What you will do: Leaving the pictures aside, transcribe the data below exactly.

Data excerpt:
=======

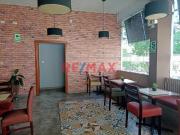 Alquilo Local Comercial En Avenida En El Distrito La Molina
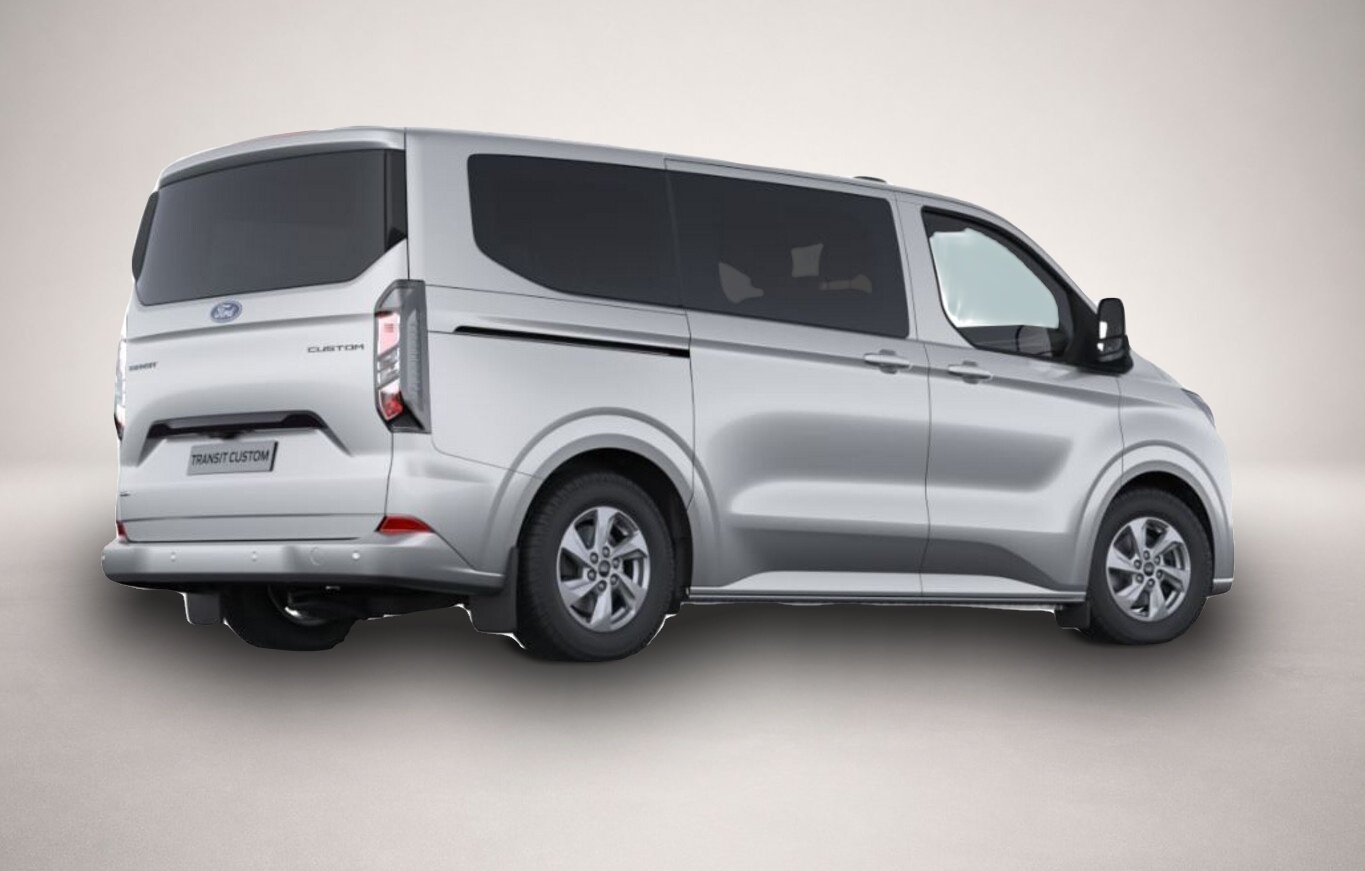 Ford Transit Custom (05/2026, Diesel)
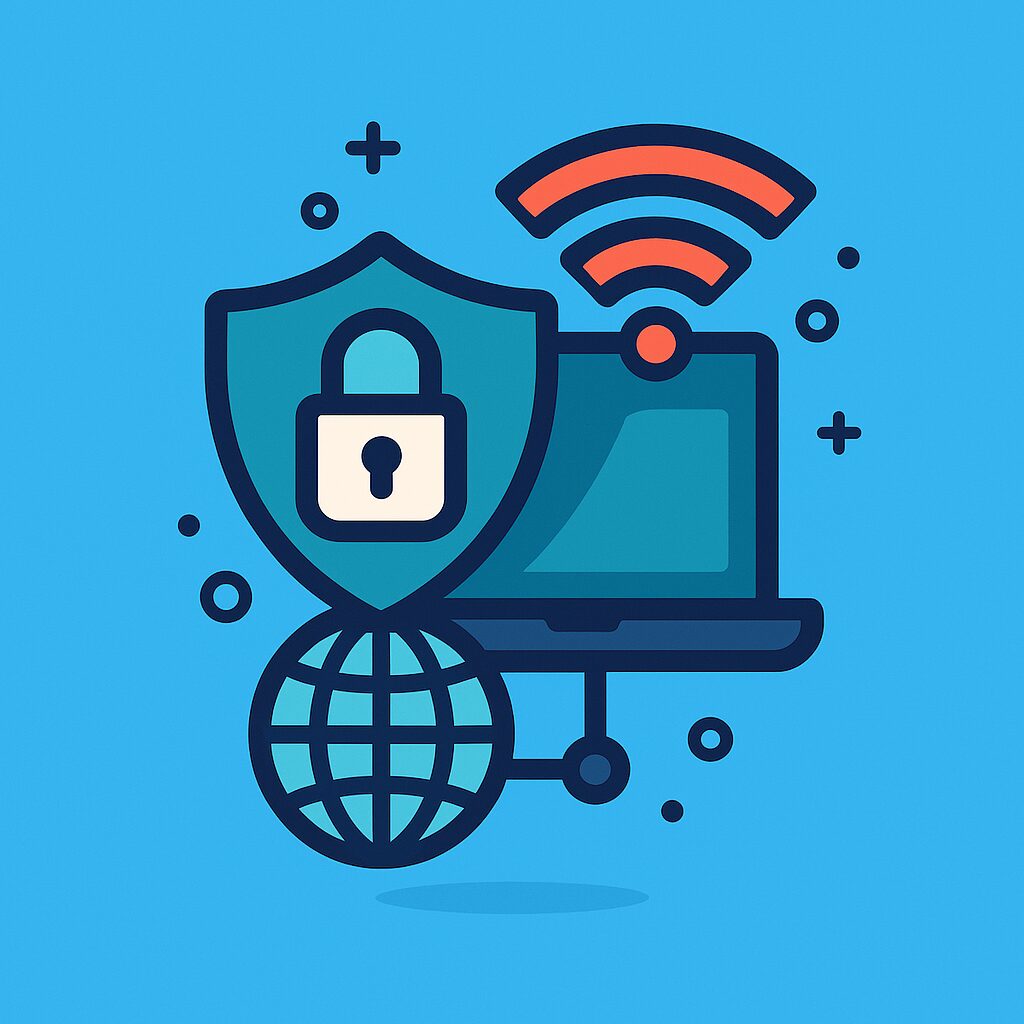 Bagaimana Cara Kerja VPN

=======

Exercise solution:
 Alquilo Local Comercial En Avenida En El Distrito La Molina
 Ford Transit Custom (05/2026, Diesel)
 Bagaimana Cara Kerja VPN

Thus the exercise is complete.